● **The task**
Below are the records; copy exactly the stretch from the line containing "Dit jonge stel, Saskia" through the line containing "37 BELLEHUMEUR ROAD - 15", both ends included, and nothing else.

● **Material supplied**

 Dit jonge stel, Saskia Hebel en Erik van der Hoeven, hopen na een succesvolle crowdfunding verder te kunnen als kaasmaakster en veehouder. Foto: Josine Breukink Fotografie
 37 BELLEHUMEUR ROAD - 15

--

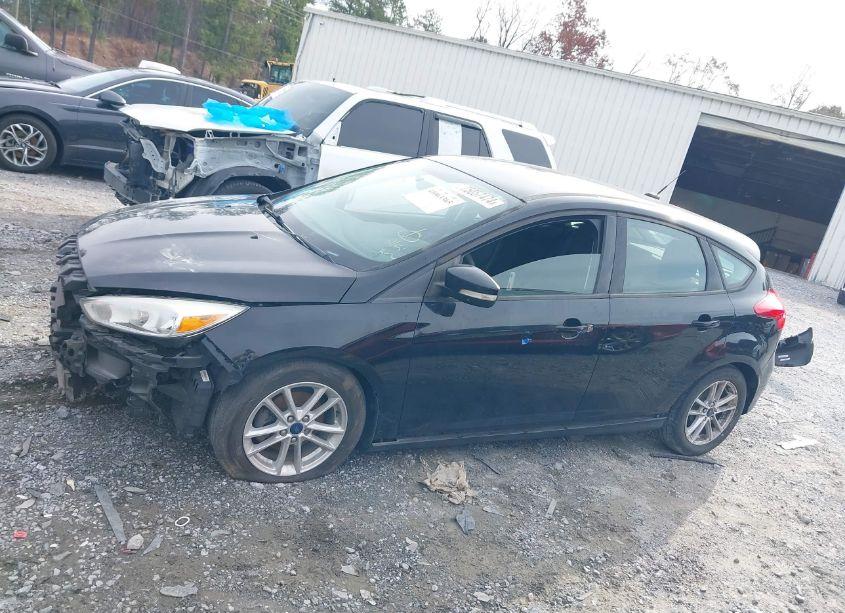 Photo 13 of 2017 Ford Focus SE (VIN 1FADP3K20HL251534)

* * *

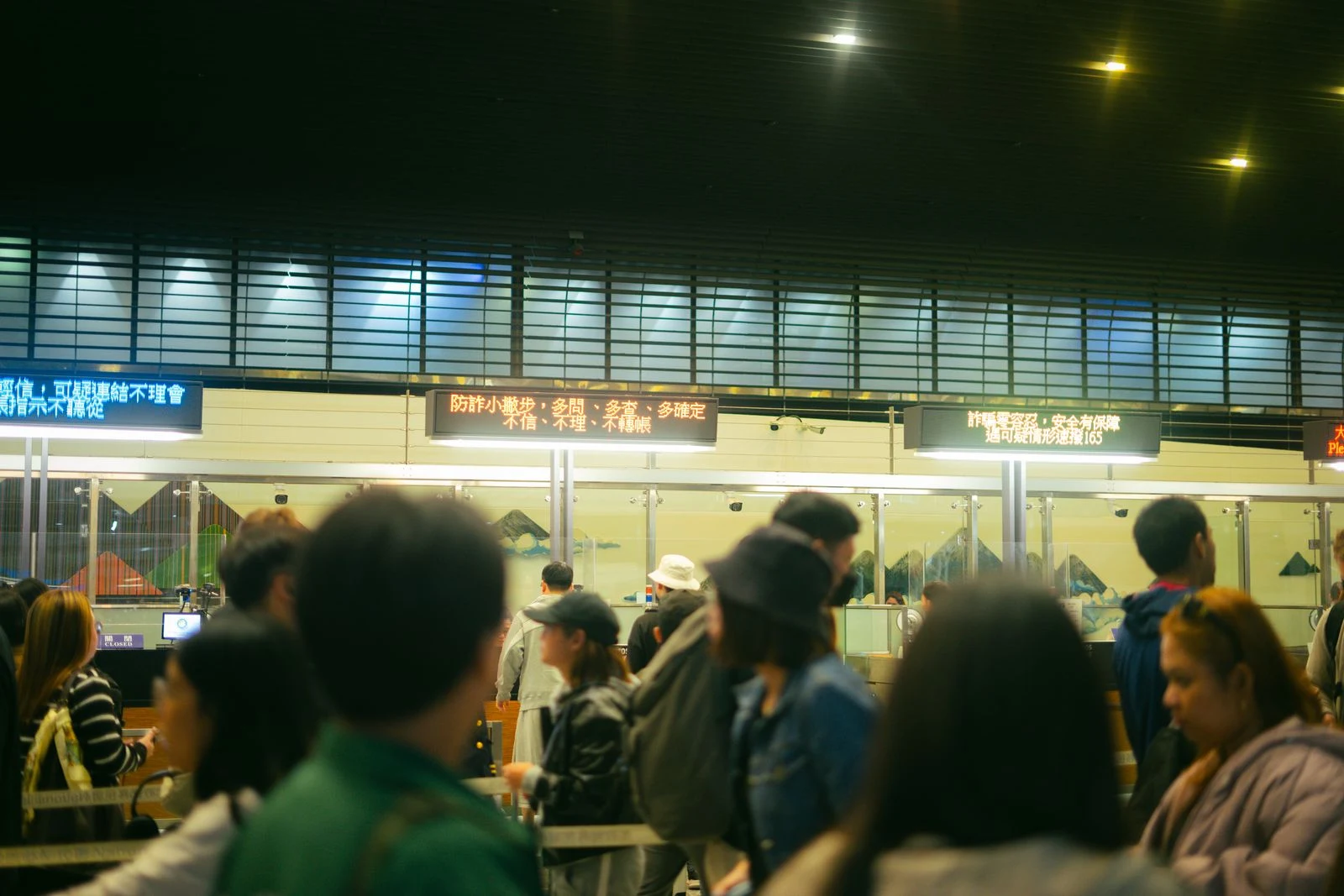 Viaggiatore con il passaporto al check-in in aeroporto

● **Finished exercise**
 Dit jonge stel, Saskia Hebel en Erik van der Hoeven, hopen na een succesvolle crowdfunding verder te kunnen als kaasmaakster en veehouder. Foto: Josine Breukink Fotografie
 37 BELLEHUMEUR ROAD - 15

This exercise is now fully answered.